A few of the largest and riskiest regulated services will have other duties to meet, so that:
- people have more choice and control over what they see online; and
- companies are more transparent and can be held to account for their activities.
Ofcom
Ofcom is the UK’s independent communications regulator, with over 20 years of experience regulating communications sectors including telecoms, media and broadcast, spectrum and post.
Since the passage of the UK Online Safety Act, Ofcom has taken on a new role as the regulator for online safety in the UK. Their job is to make sure online services, like sites and apps, meet their duties to protect their users. As the regulator, Ofcom’s role in implementing the new online safety rules includes providing guidance to regulated services and supervising them to ensure they know how to meet their duties and users are protected.
Tackling child sexual abuse under the online safety regime
The UK Online Safety Act sets out safety duties so that, among other things, online services must carry out risk assessments to understand the likelihood and impact of child sexual exploitation and abuse (CSEA) appearing on their service. They must also take steps to mitigate the risks identified in their risk assessment and to identify and remove illegal content where it appears. The higher the risk on a service, the more measures and safeguards they will need to take to keep their users safe from harm, and prevent their services being used as a platform to groom and exploit children.
Unlike in some other jurisdictions, as the regulator, Ofcom does not receive individual complaints related to any content, including CSEA content. The UK Online Safety Act is not a content moderation regime and so Ofcom will not be reviewing individual complaints and will not be directing services to remove content. However, a number of reporting channels exist already in the UK to support UK users to report content.
In Ofcom’s draft regulatory guidance published in October 2023, the regulator suggested safety measures that services can adopt, which would make a meaningful difference in protecting children from CSEA. These safety measures include:
- Hash-matching technology, which automatically detects known CSAM images shared by users in their public content.
- URL detection technology, which scans public posts to remove illegal URLs that lead to material depicting the abuse of children.
- Prevention of CSAM URLs from appearing in results by search engines and applying warning messages on search services when users search for content that explicitly relates to CSAM.
- Measures to tackle the online grooming of children, including safer default settings that make it harder for strangers to find and interact with children online.
- Supportive prompts and messages for child users during their online journey, to empower them to make safe choices online, such as when they turn off default settings or receive a message from a user for the first time.
Ofcom ran a three-month consultation on the draft regulatory guidance referenced above. This included engagement with children on the proposed measures. Following the consultation, Ofcom is now working to consolidate a regulatory statement, due to be published at the end of 2024, which will put in place the first set of requirements for regulated services under the UK Online Safety Act, after which services will be required to produce their first risk assessments.
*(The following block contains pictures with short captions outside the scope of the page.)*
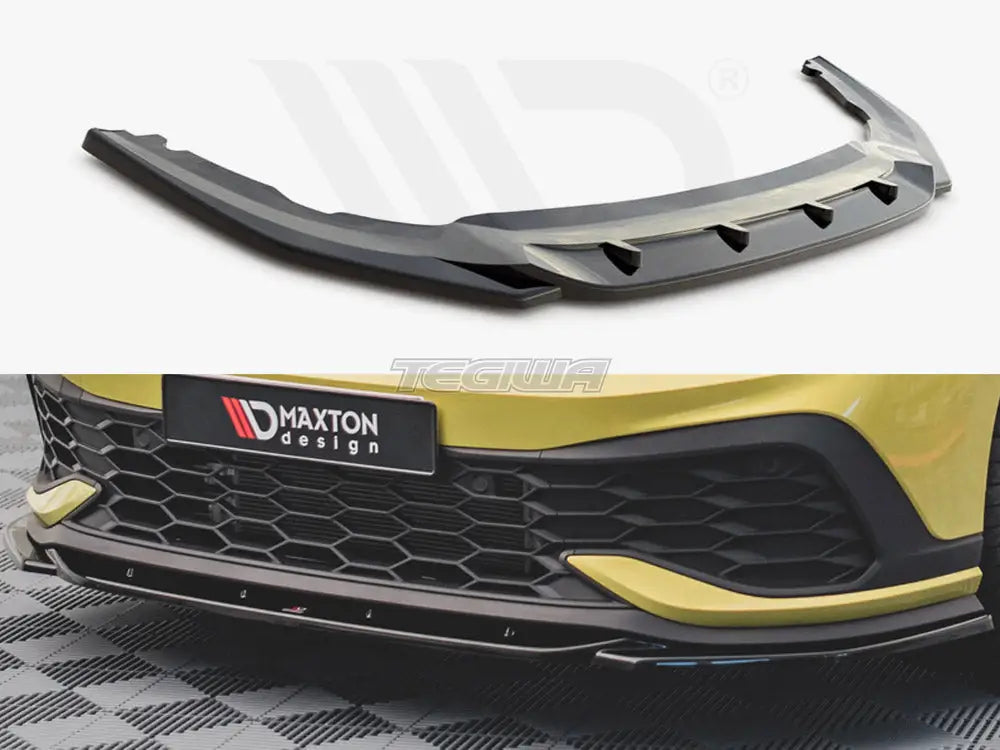 Maxton Design Front Splitter V2 Volkswagen Golf 8 GTI Clubsport 20-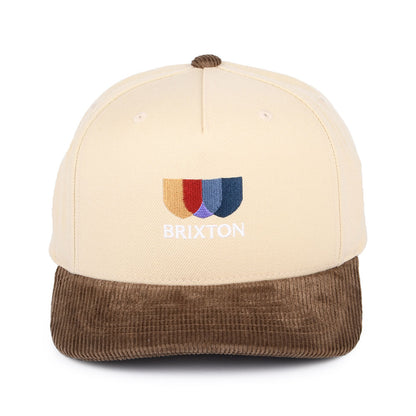 Gorra Snapback Alton MP de pana de Brixton - Beige-Marrón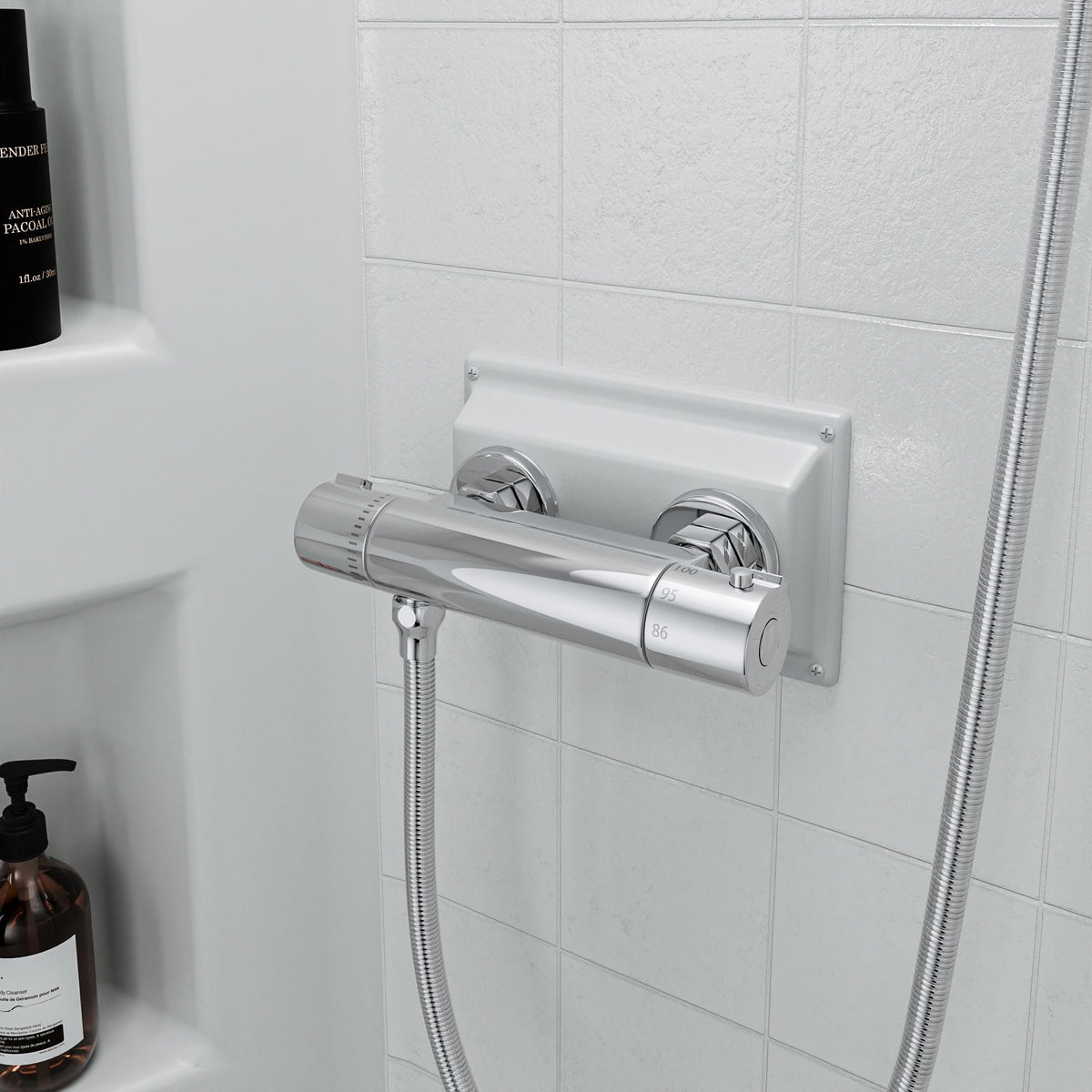 FUGO chrome finish reflection showing sleek look and easy-to-clean surface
Ofcom is always looking to develop the research and evidence base to strengthen and add to current listed safety measures, and they plan to iterate the codes of practice (e.g. safety measures listed above) over time to strengthen protections against CSEA online. This will include tackling ‘first-generation’ or ‘novel’ CSAM (CSAM images that have not been previously identified and hashed), additional interventions to disrupt commission of CSEA offences online, and measures to strengthen anti-grooming proposals.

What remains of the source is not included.